If you are ever looking for free raw food for your dogs, try asking at the deer processing places. I get whatever I want for free where they process deer and cattle. I have a pile of RMBs outside. Here is my mastiff pup enjoying some!






























I see legs bones, rib cages, heads, oorgans, all kinds of things that dogs really dig!


----------



## rannmiller (Jun 27, 2008)

Woah that's awesome! Thanks for the tip! My mom does this with her cattle butcher and rancher in Nevada. I'm getting a lot of goodies from that next week!


----------



## CorgiPaws (Mar 31, 2009)

I'm jealous. 
I havent found any excellent ideas around here yet. 
Then again, Utah pretty much sucks.


----------



## Lynn In Tenn (Aug 20, 2009)

Man that was a little bitty deer:smile: Here's a pic of what I got today. I got all the meat from this bad boy. Must of been 70 lbs. of meat
This was one happy 9y/o.


----------



## wolfsnaps (Oct 7, 2009)

Lynn, nice deer. Awsome. As for the size of the deer that Dozer is munching on in the pic, I only took manageable pieces out of the bins at the processing place. I took a much bigger piece (not pictured) that still sits outside. My dogs are taking their time this go around. 

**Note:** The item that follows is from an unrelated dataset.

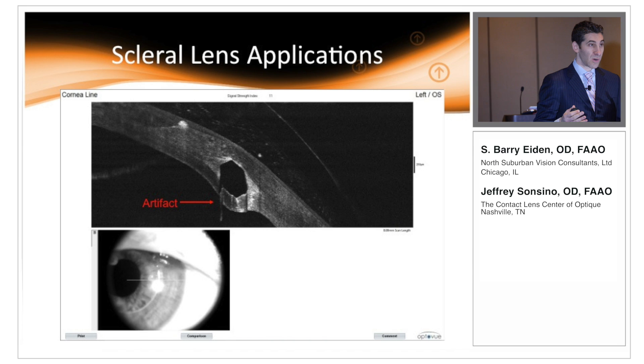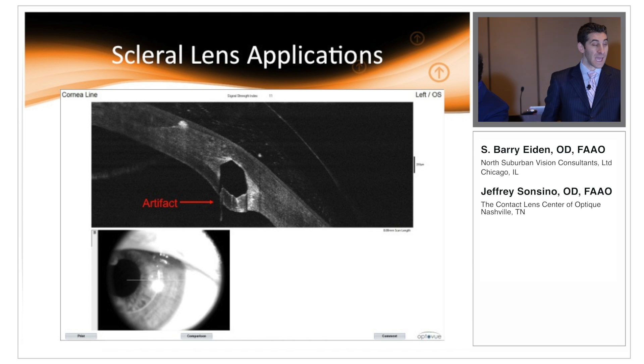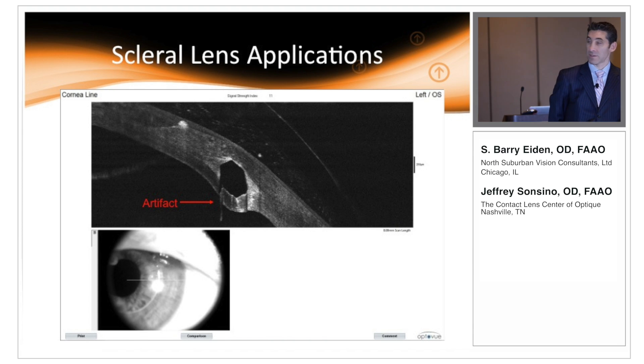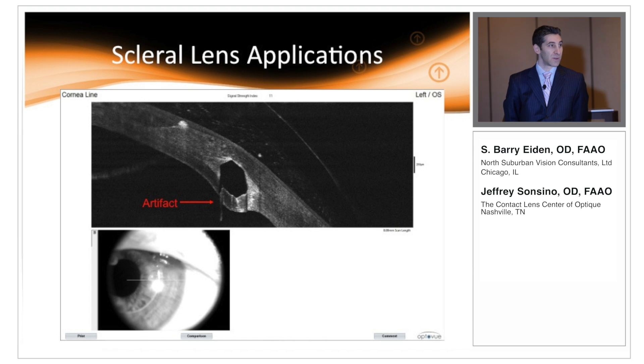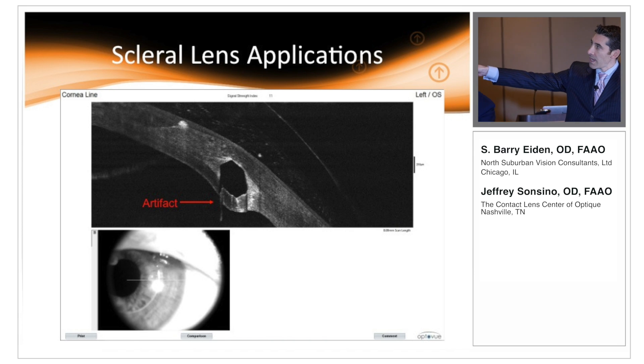I got a phone call in the middle of the day from an extremely prominent scleral lens fitter. He said, 'Oh my god, I've got this patient with intacts and he's got a posterior epithelial detachment.' So I looked back at about 15 of my post-intact scleral lens evaluations and every single one of them had this finding. We're actually publishing a case series of this exact phenomenon. But I can assure you this is not a posterior epithelial detachment — this is just an artifact related to index of refraction issues.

All my hunter friends know that if possible, to bag the guts and bring them to my house. My dogs go NUTS for heart, lung, kidney, etc. Honestly, my dogs don't know how good they have it


----------



## Lynn In Tenn (Aug 20, 2009)

My dogs turned their nose up to cow kidney. I must say, I wasn't too disappointed. That stuff smells like urine Go figure. I wasn't expecting that. I don't know how people eat that stuff. I nearly hurled in the sink when I opened it. Glad it wasn't very expensive cause it went in the creek:wink:
That's the only thing I've given them that they didn't scarf down:smile:


----------



## whiteleo (Sep 7, 2008)

My dogs love lamb kidneys!


----------